- [WORK REQUIRED]
Apart from the pictures, every entry below should be repeated exactly.

'''

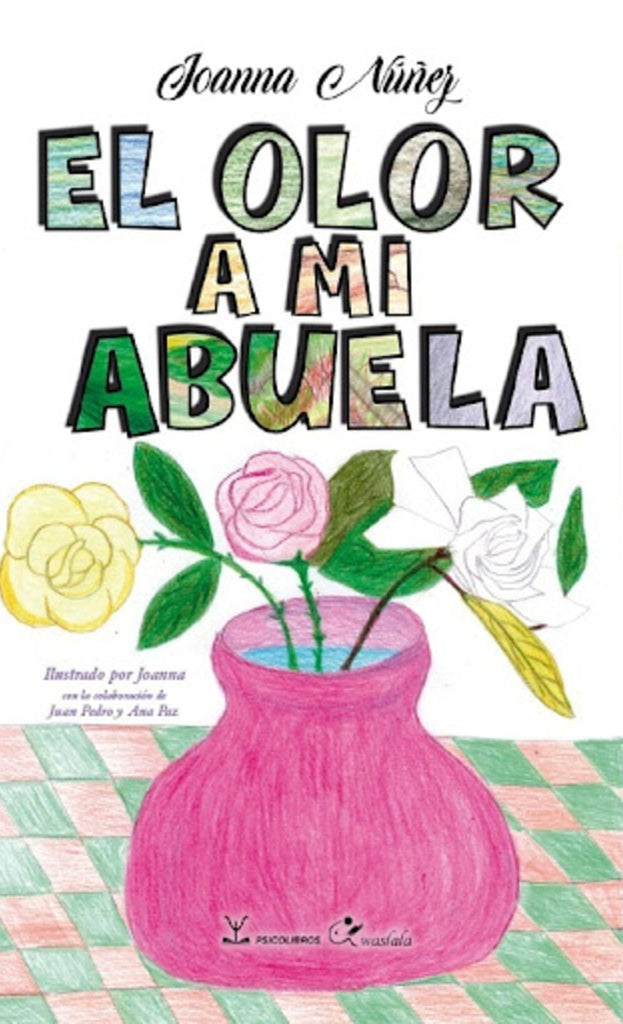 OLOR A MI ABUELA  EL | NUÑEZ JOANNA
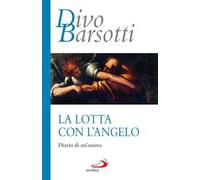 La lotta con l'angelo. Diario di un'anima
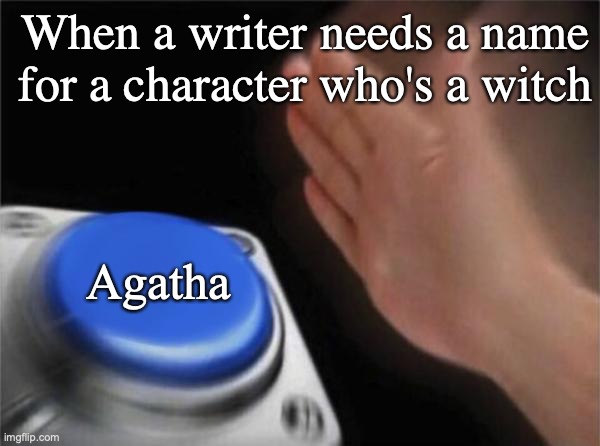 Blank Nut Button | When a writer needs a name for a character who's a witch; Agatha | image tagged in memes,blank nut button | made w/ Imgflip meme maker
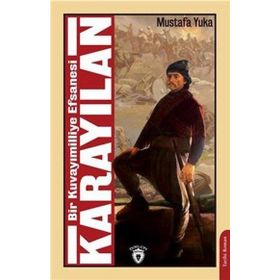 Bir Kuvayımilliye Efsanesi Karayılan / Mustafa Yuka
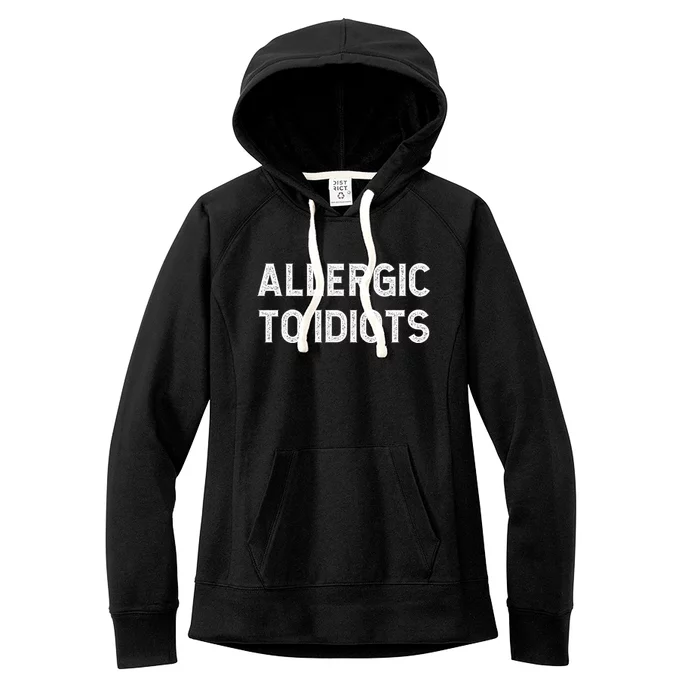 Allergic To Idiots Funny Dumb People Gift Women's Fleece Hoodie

'''

- [SOLUTION FOR THIS PROBLEM]
 OLOR A MI ABUELA  EL | NUÑEZ JOANNA
 La lotta con l'angelo. Diario di un'anima
 Blank Nut Button | When a writer needs a name for a character who's a witch; Agatha | image tagged in memes,blank nut button | made w/ Imgflip meme maker
 Bir Kuvayımilliye Efsanesi Karayılan / Mustafa Yuka
 Allergic To Idiots Funny Dumb People Gift Women's Fleece Hoodie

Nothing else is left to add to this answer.